* **What you need to do**: The reply must contain exactly the lines below from the one with "Bookcover of Influenza" down to the one with "eToro Vs. Coinbase (Comparison)", both included, and nothing more; please omit the pictures.

[[ Information shown, beginning ]]

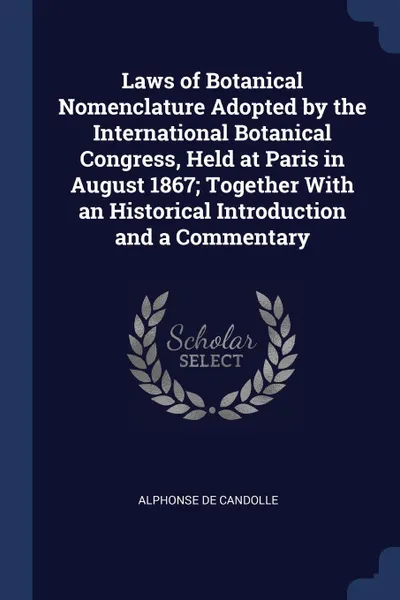 Обложка книги Laws of Botanical Nomenclature Adopted by the International Botanical Congress, Held at Paris in August 1867; Together With an Historical Introduction and a Commentary, Alphonse De Candolle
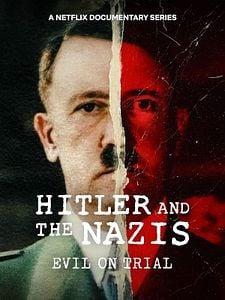 Pôster de Hitler e o Nazismo: Começo, Meio e Fim Temporada 1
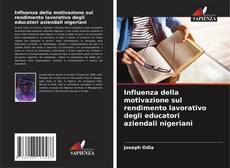 Bookcover of Influenza della motivazione sul rendimento lavorativo degli educatori aziendali nigeriani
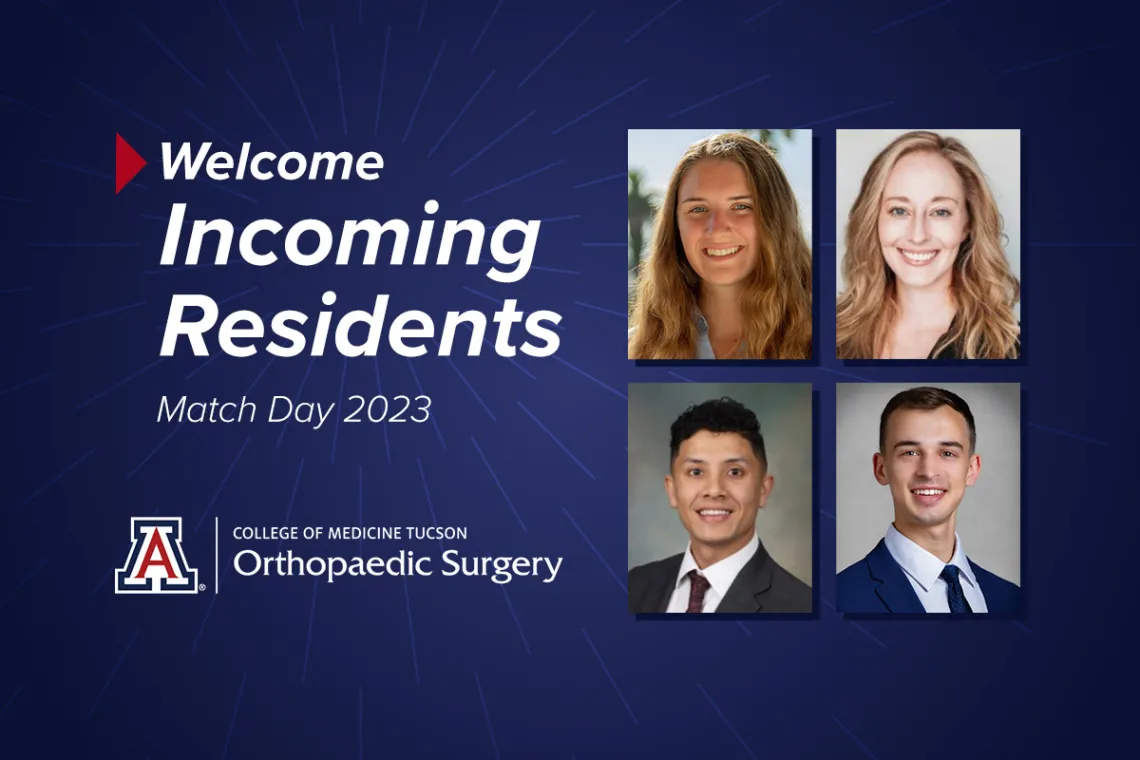 Welcome incoming residents, University of Arizona Orthopaedic Surgery 2023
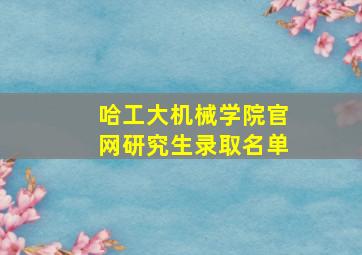 哈工大机械学院官网研究生录取名单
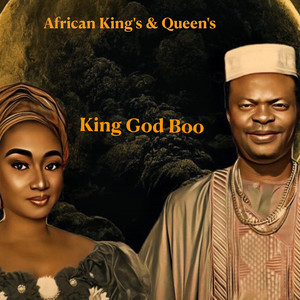 African King's & Queen's (Explicit)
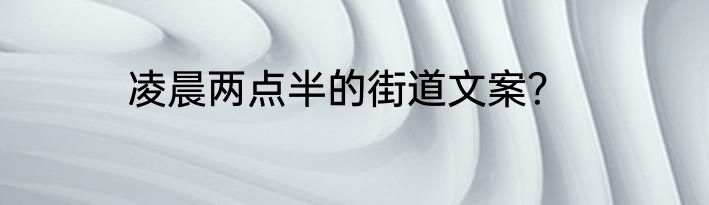凌晨两点半的街道文案？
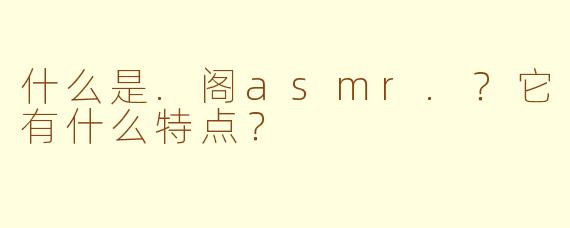 什么是.阁asmr.？它有什么特点？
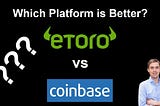 eToro Vs. Coinbase (Comparison)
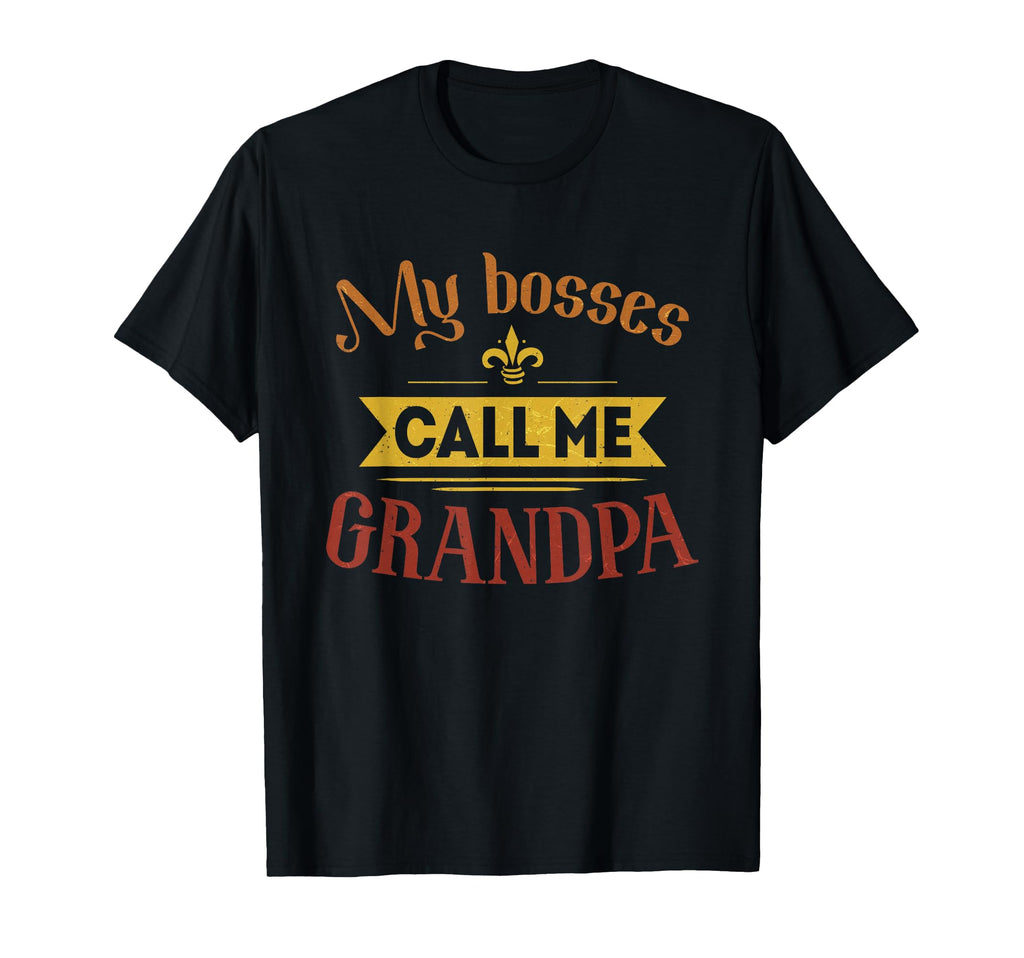 My Bosses Call Me Grandpa Fathers Day T-Shirt - Graphic Print for Adults - T-Shirt, Sweatshirt, Hoodie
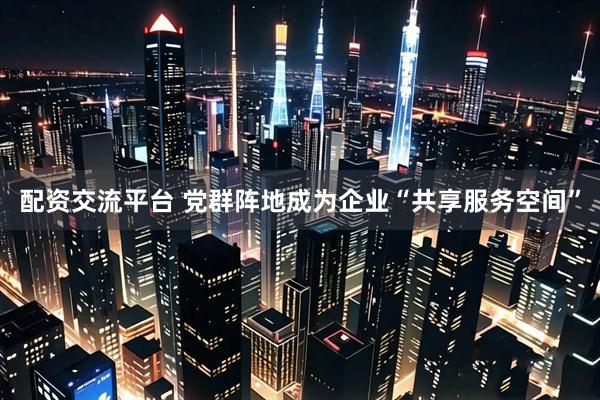 配资交流平台 党群阵地成为企业“共享服务空间”
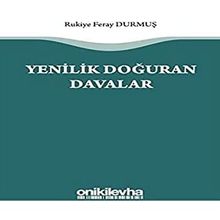 Yenilik Doğuran Davalar - Rukiye Feray Durmuş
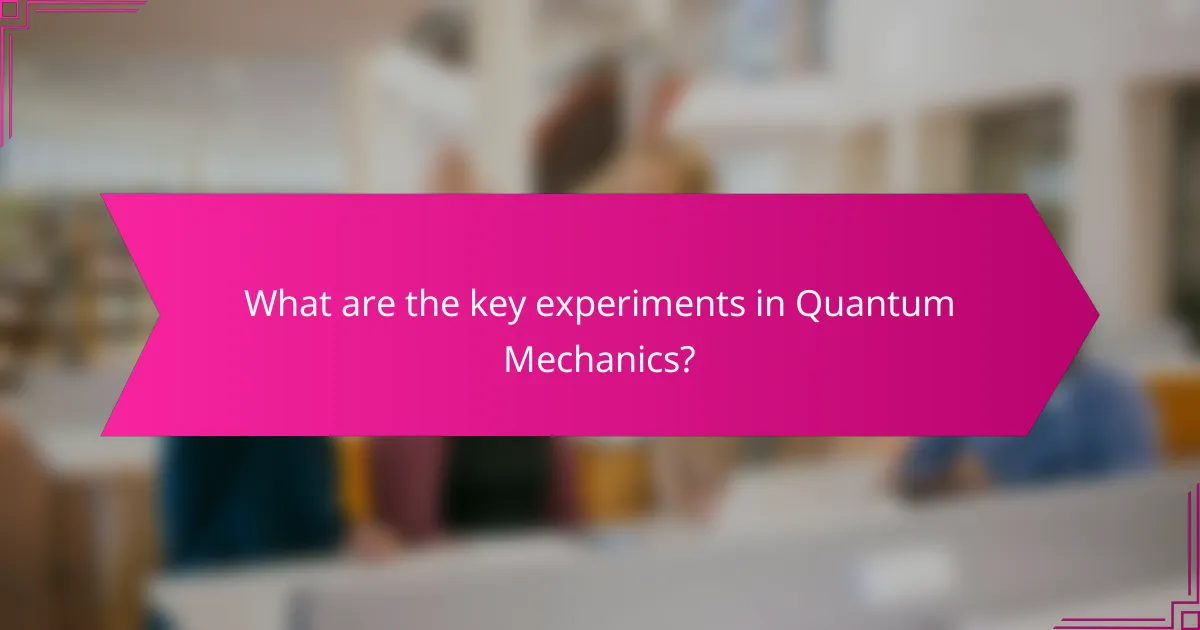 What are the key experiments in Quantum Mechanics?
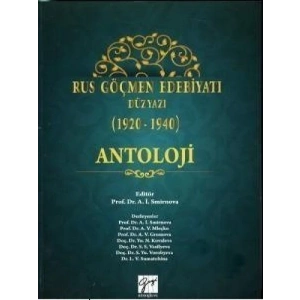 Rus Göçmen Edebiyatı Düzyazı (1920-1940, Antoloji) - Prof. Dr. A. İ. Smirnova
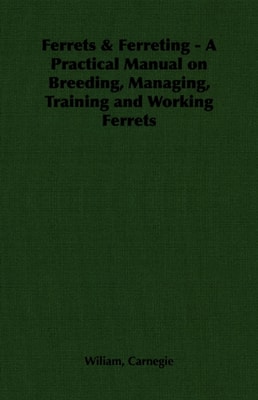 Ferrets & Ferreting - A Practical Manual on Breeding, Managing, Training and Working Ferrets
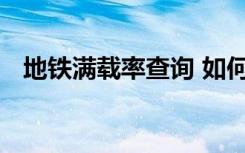 地铁满载率查询 如何查询在哪里可以查询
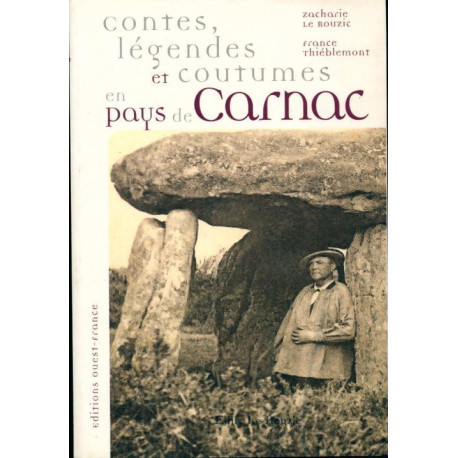 Contes légendes et coutumes en Pays de Carnac Contes légendes et coutumes en Pays de Carnac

[[ Information shown, end ]]

* **Task answer**:
 Bookcover of Influenza della motivazione sul rendimento lavorativo degli educatori aziendali nigeriani
 Welcome incoming residents, University of Arizona Orthopaedic Surgery 2023
 哈工大机械学院官网研究生录取名单
 African King's & Queen's (Explicit)
凌晨两点半的街道文案？
 什么是.阁asmr.？它有什么特点？
 eToro Vs. Coinbase (Comparison)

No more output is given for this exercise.